The U.S. Department of Housing and Urban Development (HUD) released the Annual Homelessness Assessment Report (AHAR) Part 1 for 2022 on December 19.

This report documents the number and characteristics of those experiencing homelessness on one night in January 2022. The one day Point-in-Time (PIT) Count snapshot would not be possible without the commitment of tens of thousands of volunteer hours in the wee winter hours spent looking for people residing in cars, parks, and wooded areas to ensure those living without shelter are counted. Without their effort, the extent of unsheltered homelessness would not be known. (Localities are gearing up to do it yet again in a few short weeks – so consider joining them!)

What Did We Learn from the 2022 PIT About Family Homelessness?

Overall, there were 50,767 families experiencing homelessness on the night of the PIT Count, comprising more than 161,000 persons in families. This represents a 5.5 percent decline since 2020 and a reduction of 36 percent since 2010.

The number of unsheltered families increased between 2020 and 2022. Ten percent of families experiencing homelessness on the night of the 2022 PIT Count were unsheltered.

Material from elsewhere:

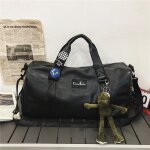 Sac de voyage - vitata - sac en cuir souple pu de grande capacit - noir - sparation humide et sche ...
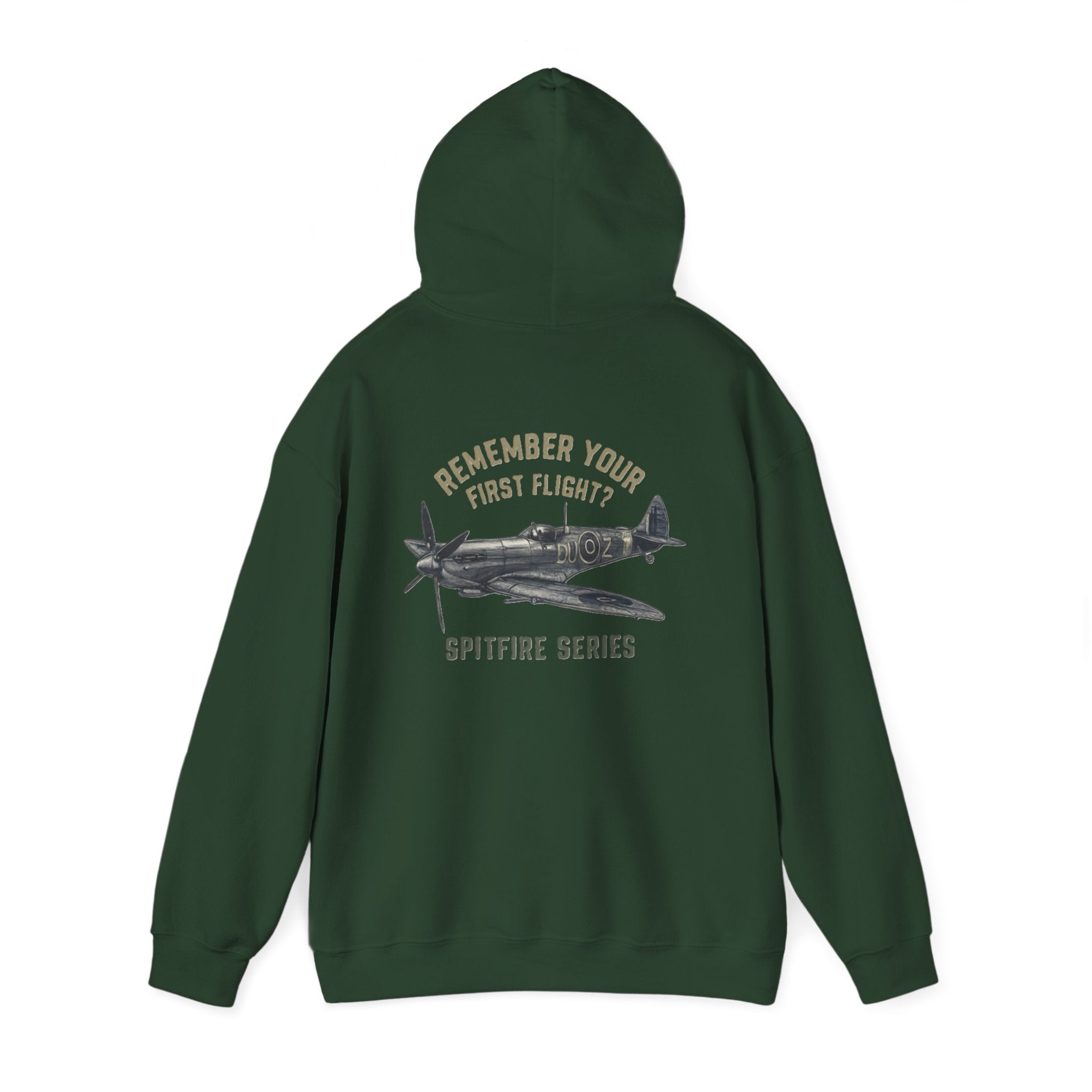 Spitfire Series Hoodie with aviation maps and memorabilia, complementing its theme of flying memories.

Nearly 40 percent of all unsheltered families were identified as living in rural areas.

Black families continue to be overrepresented in the family homeless service system. Half of all people in families experiencing homelessness identified as Black, African, or African American on the night of the PIT. For comparison, just 14 percent of all people in U.S. families identify as Black.

While family homelessness declined or remained the same for most groups, it increased most sharply for those who are Native Hawaiian or Pacific Islander. Homelessness also increased for Native American families by about 7% and about 14% for Native Hawaiian/Pacific Islander. It declined/stayed same for pretty much all others.